The prompts gradually transformed from image descriptions into ecological blueprints.

Integrating Topography, Geology, and Habitat

Perhaps the most rewarding aspect of this work has been learning how interconnected environmental variables truly are.

Elevation alone rarely tells the whole story.

Many spider species exhibit strong associations with specific geological formations, soil types, or habitat structures. Volcanic slopes support different communities than limestone karst systems. Desert basins differ dramatically from cloud forests, even when they occur at similar elevations.

As a result, I began designing prompts that integrated geological and ecological information simultaneously. The goal was not simply to show where a species occurs, but to illustrate the environmental framework that supports its existence.

These visualizations became ecological narratives rather than mere illustrations.





From Experimentation to Scientific Visualization

Over six months, the quality and sophistication of the resulting images improved dramatically.

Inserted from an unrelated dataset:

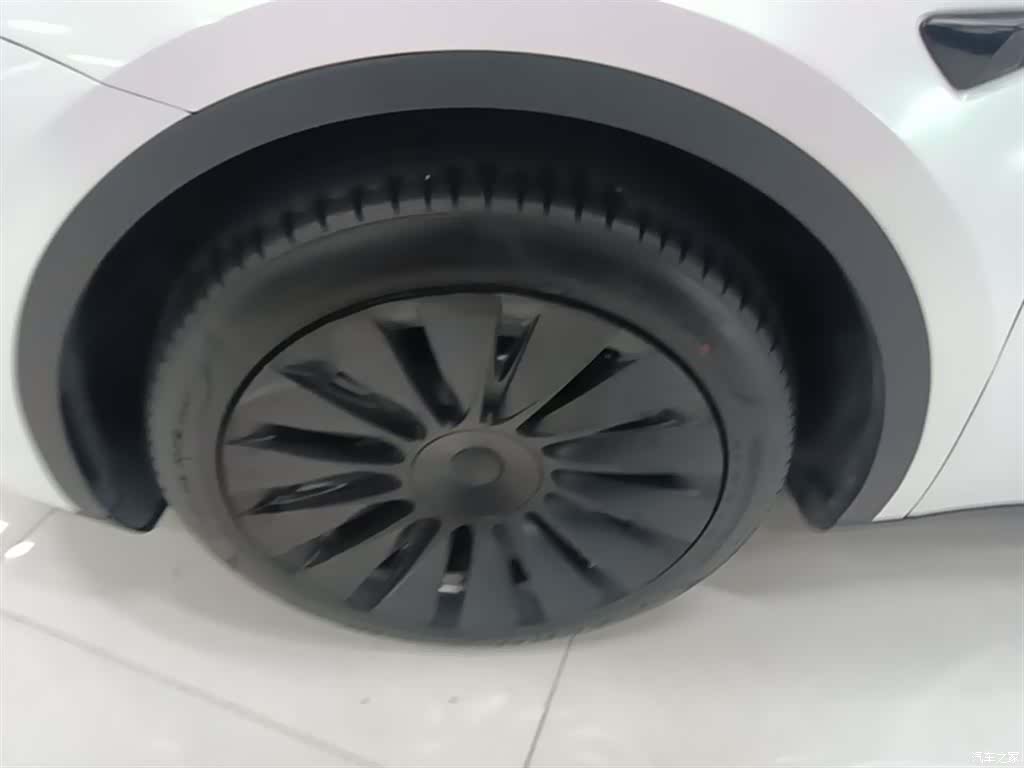 Tesla Model Y, 2023 23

The focus shifted from creating aesthetically pleasing landscapes to producing scientifically informed figures suitable for education, outreach, presentations, and potentially publication.

Each iteration revealed new challenges and opportunities. Every failed image taught something about prompt structure. Every successful visualization provided insights into how ecological information can be translated into visual form.

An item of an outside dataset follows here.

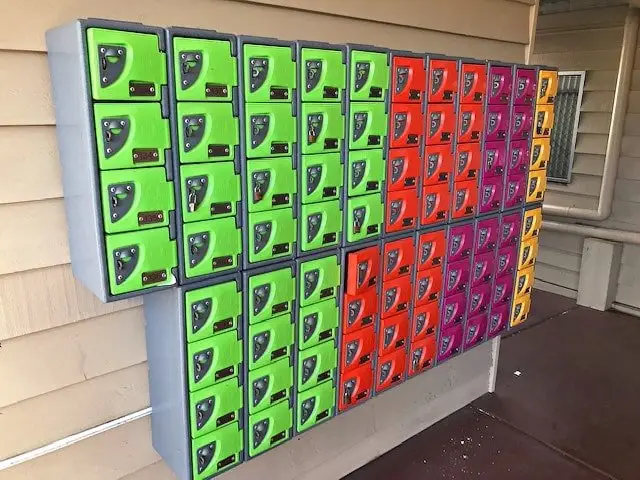 cell phone locker lock 1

The process became an exercise in both scientific communication and creative problem-solving.

Applications Beyond Tarantulas

Although much of my initial work focused on Theraphosidae, the techniques developed during this project have applications across numerous spider families and other arthropod groups.

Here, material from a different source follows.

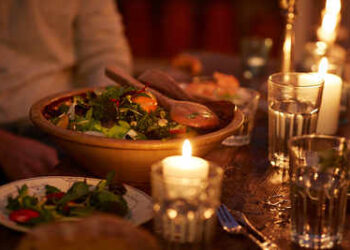 Kur është koha e duhur për të ngrënë darkë, efektet negative në shëndet nëse hani vonë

Any organism whose distribution is influenced by elevation, climate, habitat, or geology can potentially be represented through this approach.

The methodology is flexible, scalable, and continually improving as new ecological data become available.





Looking Forward

Six months is a relatively short period in scientific research, but it has been enough time to reveal the enormous potential of AI-assisted ecological visualization.

Artificial intelligence will never replace fieldwork, museum collections, taxonomic expertise, or peer-reviewed science. However, it can become a powerful tool for communicating complex ecological information in ways that are visually engaging and scientifically meaningful.

As I continue refining these methods, my goal remains the same: to create visualizations that accurately portray the relationships between species and the environments they inhabit.

What started as an experiment in prompt writing has become an ongoing effort to merge ecology, geology, biogeography, and technology into a new form of scientific storytelling—one landscape, one habitat, and one spider at a time.

Disclaimer

The visualizations discussed and illustrated in this article represent an ongoing experimental effort to explore the use of artificial intelligence for depicting ecological, altitudinal, topographical, geological, and habitat associations of spiders and other arthropods. Despite extensive prompt development and refinement, these images contain numerous errors, omissions, inaccuracies, oversimplifications, and unsupported assumptions.

The landscapes, elevation gradients, habitat transitions, geological features, species placements, and ecological relationships depicted should not be considered scientifically validated representations of actual species distributions or habitat requirements. Many images may contain inaccuracies that are not immediately apparent and may misrepresent published ecological, geological, or biogeographical data.

These visualizations are presented solely as developmental and educational exercises in prompt engineering and scientific communication. They should not be used for scientific research, conservation planning, species distribution modeling, taxonomic studies, ecological analysis, educational instruction, publication, or as a substitute for peer-reviewed literature, field observations, museum records, or verified occurrence data.

The work described herein should be viewed as a learning process rather than a finished product, and the images themselves should be regarded as experimental prototypes subject to substantial revision and correction.